How other than antisemitic can you describe the calls to “globalize the intifada”? The intifada was a wave of terrorism that deliberately targeted Jewish civilians, and Rutgers students are calling to globalize it.

I guess Moran also missed a report in which Rutgers protesters shouted “Hitler would have loved you” at Jewish students. Or the time when activists plastered anti-Israel flyers with a Jewish girl’s face all over her dorm?

More fundamentally, the group Students for Justice in Palestine should be considered inherently antisemitic, as they oppose the lone Jewish state. Imagine telling an Italian-American that you oppose the existence of Italy as a nation, but don’t worry, because you’re not anti-Italian.

What’s good for the goose is good for the gander. The antisemitism is there for all to see. Moran might want to get his sight checked.

Noah Glyn, Manalapan

Biden can end the bombing

As the Israel-Hamas war continues, dissatisfaction with how the Biden administration is handling it widens. According to a Harvard/Institute of Politics poll, 81% of those younger than age 35 disapprove of how President Joe Biden is handling the war and his general support for Israel and its killing of Gazan civilians.

Will another wave of student loan forgiveness, as Biden is considering, save him from continuing to fall in the polls among young voters?
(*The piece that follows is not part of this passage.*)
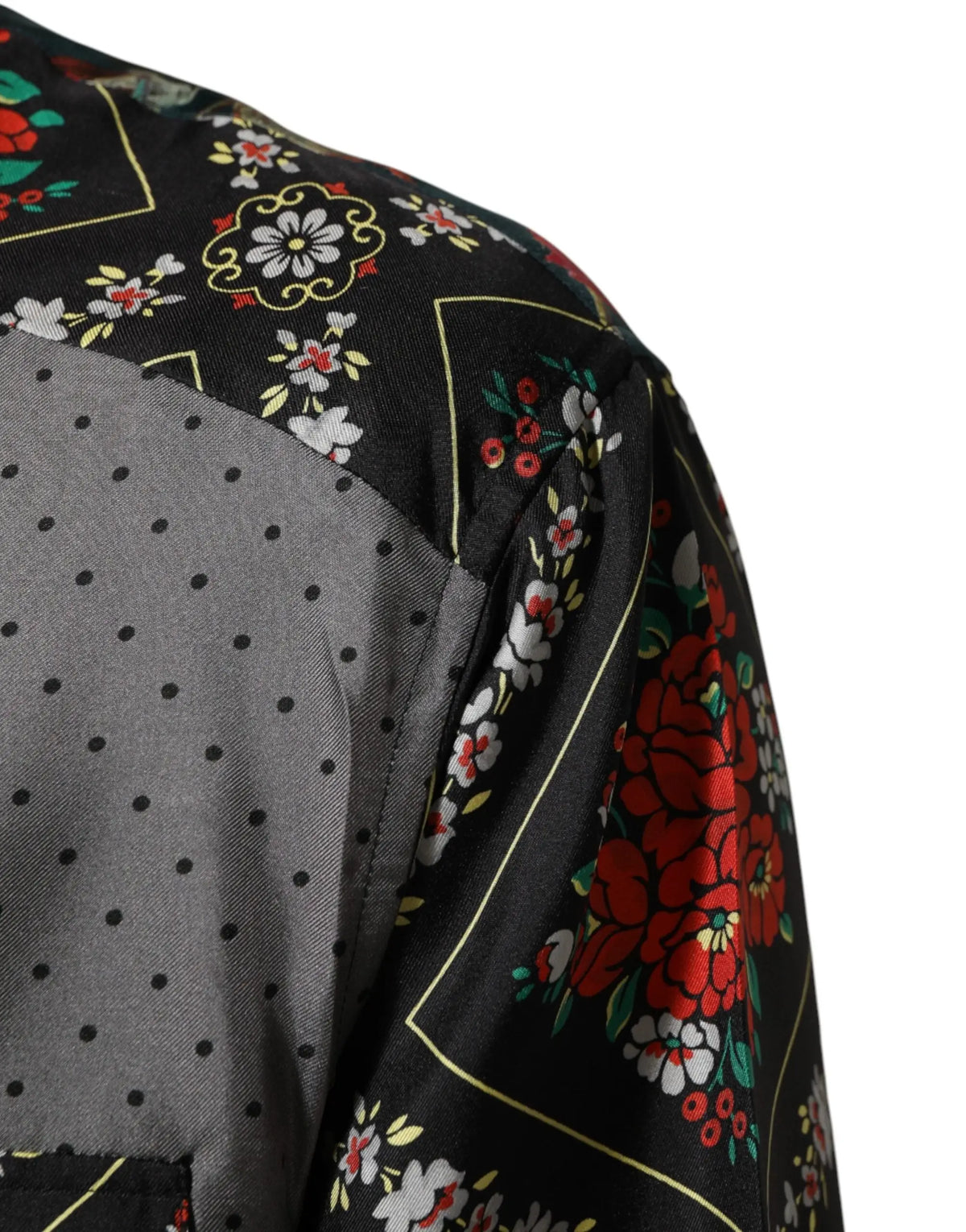 Blouse noire dolce gabbana en soie à manches longues avec motifs floraux rouge et blanc bordés d or et panneau à pois gris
I don’t think so. Loan forgiveness does not attack the root cause of that problem: the rising cost of higher education.

U.S. Sen. Bernie Sanders, the progressive Vermont independent, among other politicians, is voicing concern about how the war issue can be decisive about who the next president will be.Sanders told CNN that many people think this may be Biden’s Vietnam: “Lyndon Johnson in many respects was a very, very good president domestically… . He chose not to run in ‘68 because of opposition to his views on Vietnam. And I am worried very much that President Biden is putting himself in a position where he has alienated not just young people, but a lot of the Democratic base in terms of his views on Israel and this war… .”

As columnist Medhi Hassan wrote in The Guardian, Biden can do as Ronald Reagan did in August 1982. After 11 consecutive hours in which Israel bombed Beirut, killing more than 100 during an extended effort against the PLO, an outraged Reagan called his counterpart, Menachim Begin, demanding a cease fire. The bombing ended in 20 minutes.
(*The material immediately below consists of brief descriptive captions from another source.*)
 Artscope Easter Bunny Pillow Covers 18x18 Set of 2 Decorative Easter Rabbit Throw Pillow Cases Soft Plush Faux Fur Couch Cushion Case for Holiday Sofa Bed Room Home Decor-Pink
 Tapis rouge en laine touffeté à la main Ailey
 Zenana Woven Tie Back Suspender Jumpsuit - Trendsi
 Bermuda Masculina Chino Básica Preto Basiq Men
We should never forget that President Biden is choosing not to do this simple act. Many of us will remember this when voting for the next president in November.

Maria Dorigo, Montclair

Remember painter with Princeton ties

Frank Stella was a painter, sculptor and printmaker whoseconstantly evolving works are hailed as landmarks of the minimalist and post-painterly abstraction art movements. He died May 4 at age 87.

Stella studied at Princeton University before moving to New York City in the late 1950s. At that time, many prominent American artists had embraced abstract impressionism, but Stella began exploring minimalism. By age 23, he had created a series of flat, black paintings with grid-like bands and stripes using house paint and exposed canvas that drew widespread critical acclaim.

Over the next decade, his works retained his rigorous structure but began incorporating curved lines and bright colors, such as in his influential “Protractor”series, named after the geometry tool he used to create the curved shapes of the large-scale paintings. In the late 1970s, he began adding three-dimensionality to his visual art, using metals and other mixed media to blur the boundary between painting and sculpture.

We will remember Frank Stella always.

Paul Bacon, Hallandale Beach, Fla.

Five-star review from Hannibal Lecter?

In Kristi Noem’s new book, “No Going Back: The Truth on What’s Wrong with Politics and How We Move America Forward,” the South Dakota Republican governor details killing her 14-month-old pointer puppy because it kept playfully romping with game birds, ruining an otherwise good pheasant hunt.

Perhaps the book’s publisher, Center Street, ought to consider renaming the tome “Silence of the Puppies” and gifting a complimentary copy to Hannibal Lecter, if they can find him.

What demon possesses this woman who wants to be vice president on a ticket with a name I shall not mention?